Among the lines below, output only those between the line holding "Mercedes-Benz A-Klasse 200" and the line holding "Red & Gold Dual", inclusive, exactly as written and with no pictures.

▶ **Records supplied**:
+++++

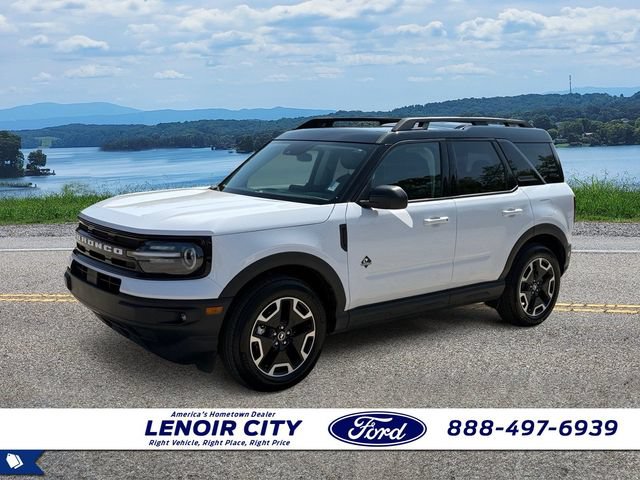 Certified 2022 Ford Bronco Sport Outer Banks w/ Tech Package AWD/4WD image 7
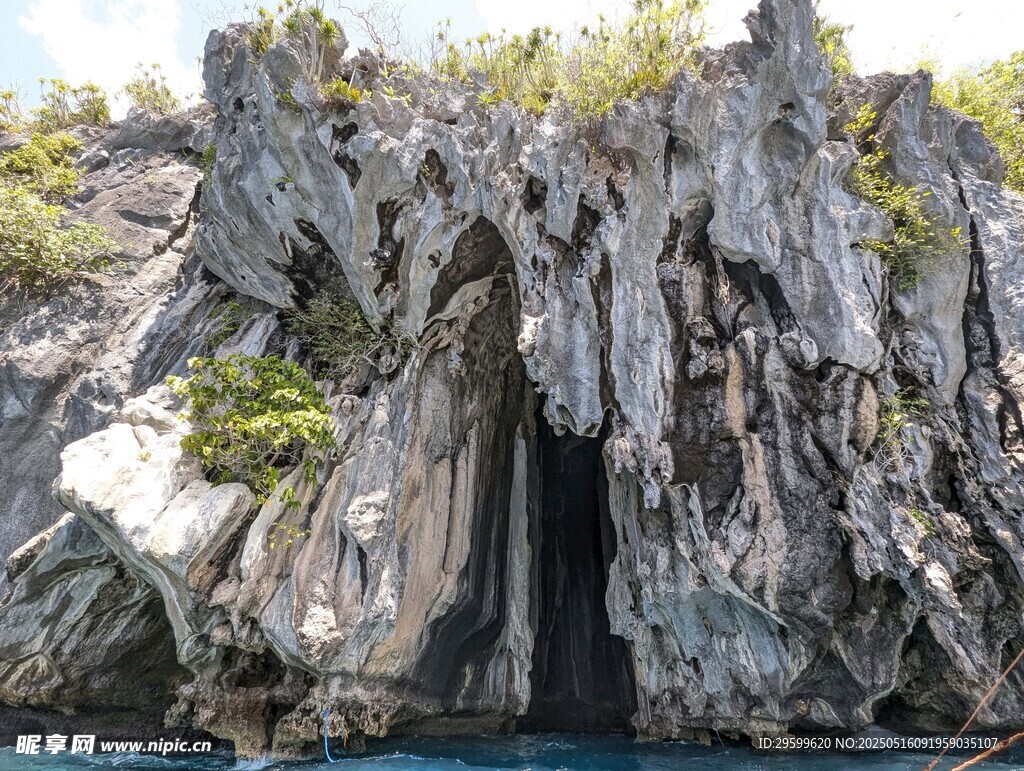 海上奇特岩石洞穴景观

+++++

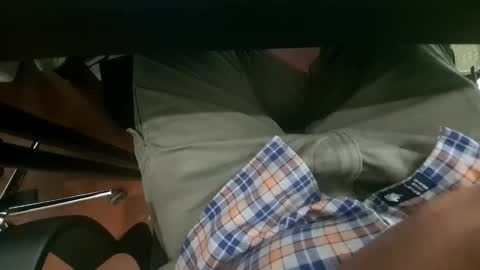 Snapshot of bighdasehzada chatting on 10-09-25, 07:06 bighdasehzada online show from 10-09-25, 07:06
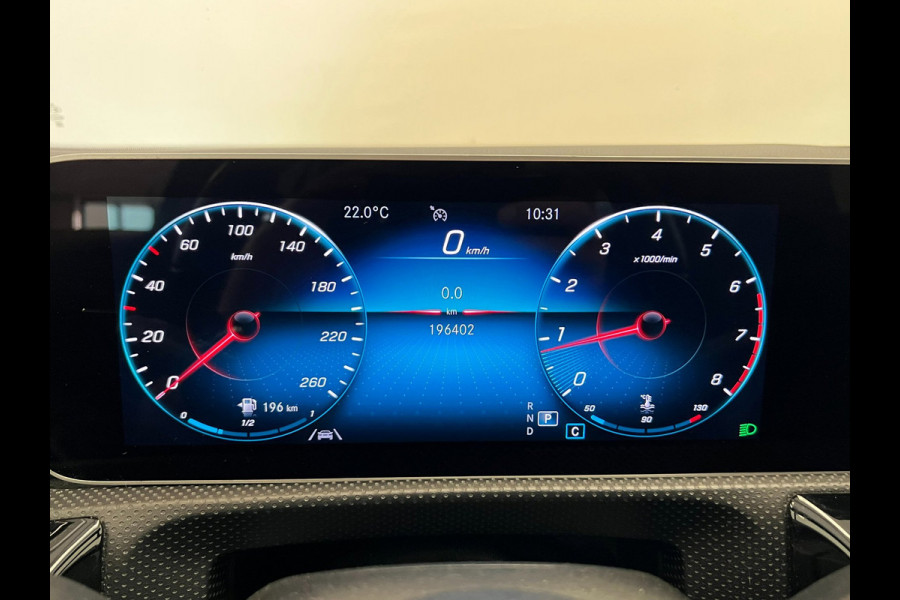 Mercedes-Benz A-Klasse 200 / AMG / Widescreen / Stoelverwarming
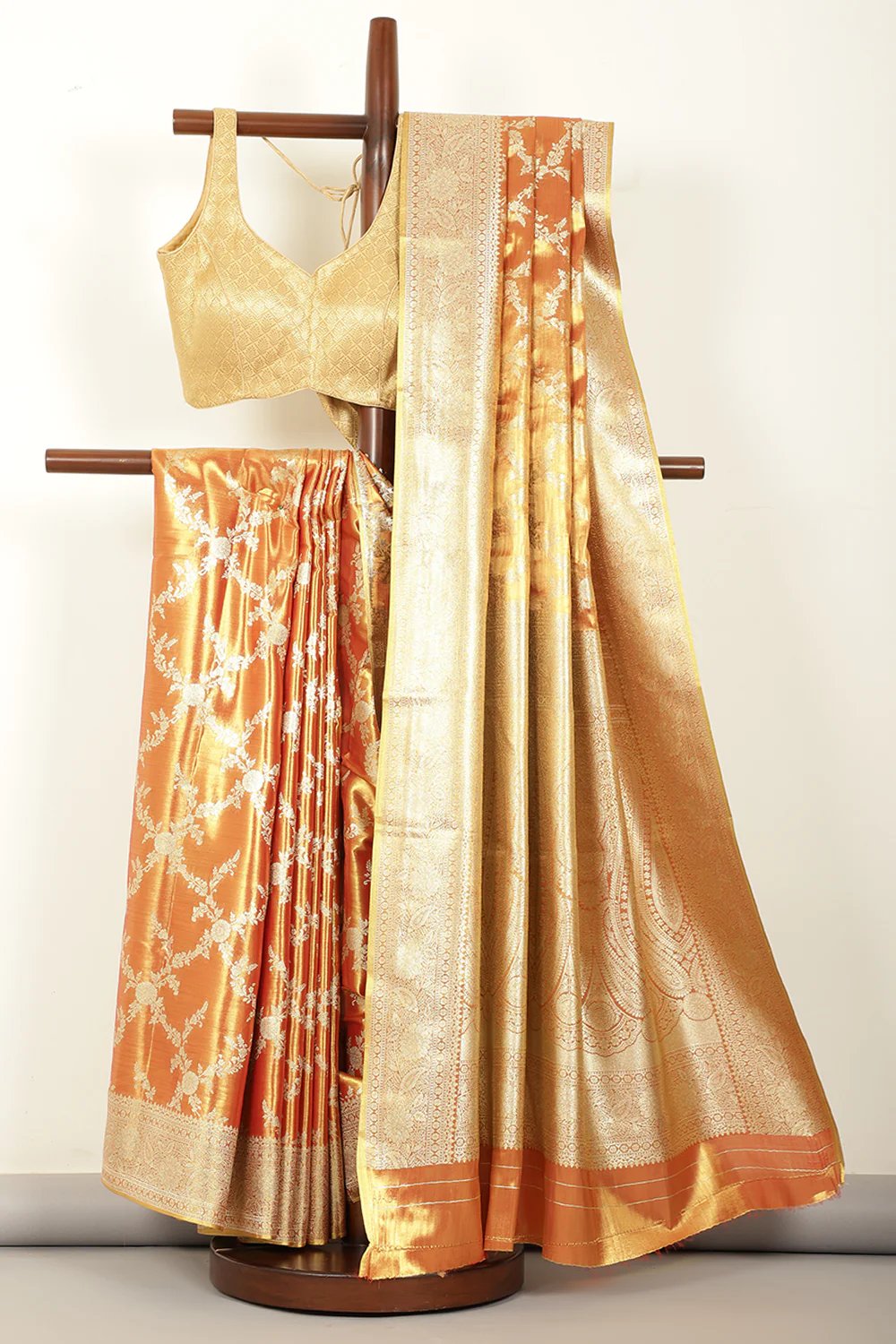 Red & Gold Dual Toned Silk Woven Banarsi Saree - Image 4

+++++

▶ **Your response**:
 Mercedes-Benz A-Klasse 200 / AMG / Widescreen / Stoelverwarming
 Red & Gold Dual Toned Silk Woven Banarsi Saree - Image 4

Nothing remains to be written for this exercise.